Solved

Output and page creation from html pages and a template...PERL/would mind making it in javascript

Posted on 2004-04-02
9
286 Views
Last Modified: 2011-09-20
Ok, This perl script scans a directory looking for <!-- balbal, yad yad --> on the first line of every .htm file and then looks at a template and matches the <!-- balbal, yad yad -->'s and inserts links.. Then displays the totals for each <!-- balbal, yad yad --> by displaying the blabla : 1000

What i would like to do with it now is make it display the GRAND total of all the links, and how many it had to dump due to no home. after the display of how many in each catogory.
Example :

Total Links : 2474
Total lost/dumped : 123

and with the dumps, dump them into a text file in link format <a href="http://www.mysite.com/whatever/me.htm>example</a>
for easy cut and paste

and the last option to perfect this script,
I need a prompt that ask ( Do you want to use the template to make a page for (E)each catogroy or (M)one main index page? )
The idea, main catorory is the way its designed now, with the one page..with all the links on it.
but, catogory would be a page for each <!-- new catorgory, blabla --> ...so in effect it takes the template and inserts the link after <!-- START --> instead of matching... reason i would like this option is in the times i have 1000+ links the htm file is pushing 1mb.. so i'd like a page for each catogory..may it be venues/artist..etc

------ add.pl ---------

#!/usr/bin/perl

# $dir is the directory with the html pages (e.g. c:\\concert)
# $wdir is a path the path to be inserted in the URLs (e.g. /whatever/concerts)
# $indextpl is the index template file (e.g.
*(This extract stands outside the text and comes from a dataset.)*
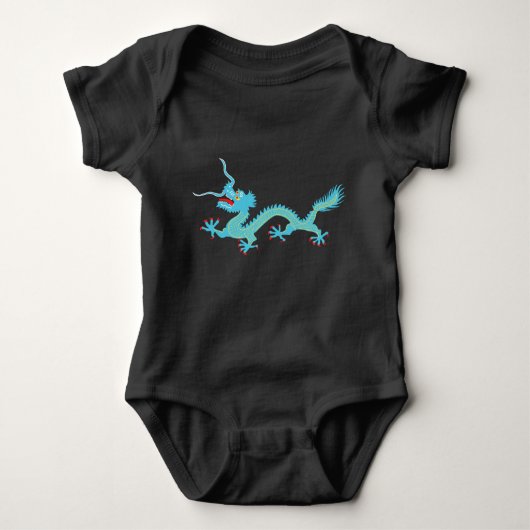 Chinese Light Blue Dragon Romper (Voorkant)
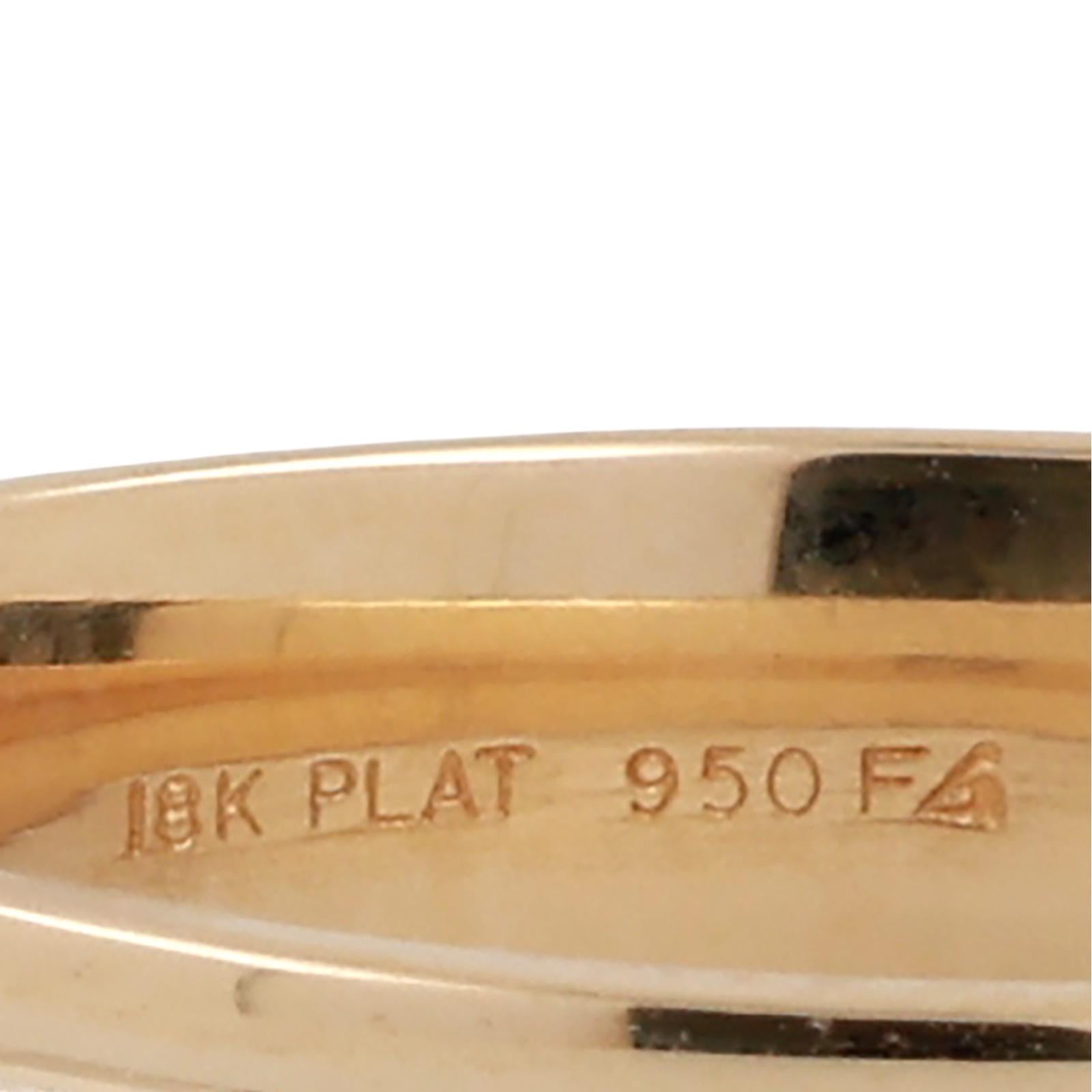 18K Yellow Gold Wedding Anniversary Band Ring Platinum Overlay Size 10.25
C:\\test\\index.tpl)
# $indexhtm is the final index file (e.g. c:\\test\\index.htm)
# The script has been tested under unix. For WIn32 you might need to change the slashes in paths from / to \\, and also the perl path in the first
# line.

$dir="C:\\web\\ticketstogo.com\\venues";
$wdir="http://www.ticketstogo.com/venues";
$indextpl = "C:\\web\\ticketstogo.com\\venues\\states\\tempindex.htm";
$indexhtm = "C:\\web\\ticketstogo.com\\venues\\states\\aindex.htm";

# read venue files
opendir(DH, $dir) or die "Can't open $dir for reading: $!";
while(defined($file=readdir(DH))) {
  next unless $file =~ /\.htm$/i;
  open(FILE, "<$dir/$file") or die "Can't open $file for reading: $!";
 # $ven{$1}{$2} = "$wdir/$file" if <FILE> =~ /^\<\!-- (.*), (.*) --\>$/;
    $ven{lc($1)}{$2} = "$wdir/$file" if <FILE> =~ /^\<\!-- (.*), (.*) --\>$/;
  close(FILE);
}

# process template
open(IDXIN, "<$indextpl") or die "Can't open $indextpl for reading: $!";
open(IDXOUT, ">$indexhtm") or die "Can't open $indexhtm for writing: $!";
while(<IDXIN>) {
  if(/^\<\!-- (.*) --\>$/) {
    my @vkeys = sort keys %{$ven{lc($1)}};
    print "$1: " . @vkeys . "\n";
    print IDXOUT map {"<A href=\"$ven{lc($1)}{$_}\">$_ event tickets</A><BR>\n"} @vkeys;
  } else {
    print IDXOUT;
  }
}
close(IDXIN);
close(IDXOUT);
0
Comment
Question by:Caiapfas
  • 5
  • 4
9 Comments
 
LVL 2

Author Comment

by:Caiapfas
ID: 10741611
oo yea , could we do this in javascript<<would perfer it.. I'm hooked on javascript..
0
 
LVL 11

Expert Comment

by:lbertacco
ID: 10741808
This will handle the dump thing:

#!/usr/bin/perl

# $dir is the directory with the html pages (e.g. c:\\concert)
# $wdir is a path the path to be inserted in the URLs (e.g. /whatever/concerts)
# $indextpl is the index template file (e.g. C:\\test\\index.tpl)
# $indexhtm is the final index file (e.g. c:\\test\\index.htm)
# $dumphtm is the output file containing links to pages not inserted in the index (e.g. c:\\test\\dump.htm)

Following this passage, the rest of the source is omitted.